Louise Walker McCannel, granddaughter of Walker founder Thomas Barlow Walker, played a critical role in the history of the Walker: both the private Walker Art Galleries and the public Walker Art Center. After graduating from Smith College in 1937, where she earned a degree in Fine Arts, Louise and her brother, Hudson, became the caretakers of the vast and varied art collection amassed by T.B. Walker. Louise was appointed director of the Walker Art Galleries and while Hudson left for New York in 1938, she stayed to help facilitate the Walker Art Galleries 1939 transition to the Walker Art Center. She worked at the new institution in many capacities: as director of the Children’s Gallery, editor of the Magazine of Art, and assistant curator.
As curator, she worked on the Walker’s extension program: educational outreach in the form of 36 small exhibitions that circulated throughout the state of Minnesota. These thematic shows—on jewelry, Chinese painting, and Ancient Greece, Rome and Egypt, and based on works in the T.B. Walker Collection—used portable panels for easy transport, a format that may seem old fashioned and quaint today, but was a very progressive form of outreach in 1940.
McCannel was instrumental in helping the Walker through its early years as an art center, and continued to serve on its board for more than 60 years. She was an active member from 1950 to 1997, and in 1998, after she became an honorary board member, continued to be a staunch supporter.

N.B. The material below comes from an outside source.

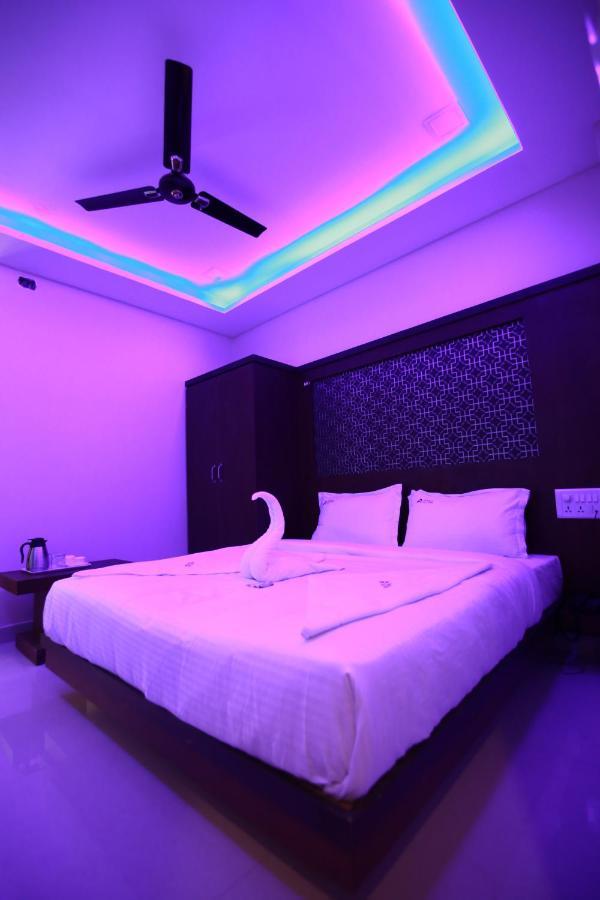 Hotel Apple Suites バンガロール エクステリア 写真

McCannel’s work and her philanthropy extended far beyond the Walker, as well. In a story about her life in the Star Tribune, Walker director emeritus Martin Friedman, who worked with her over several decades, described her as “a fierce, no holds-barred liberal when it came to social causes. She was always on the side of the little guy. She had a great sense of community and was an enemy of anything that smacked of racism. She was really dedicated to making a better world.”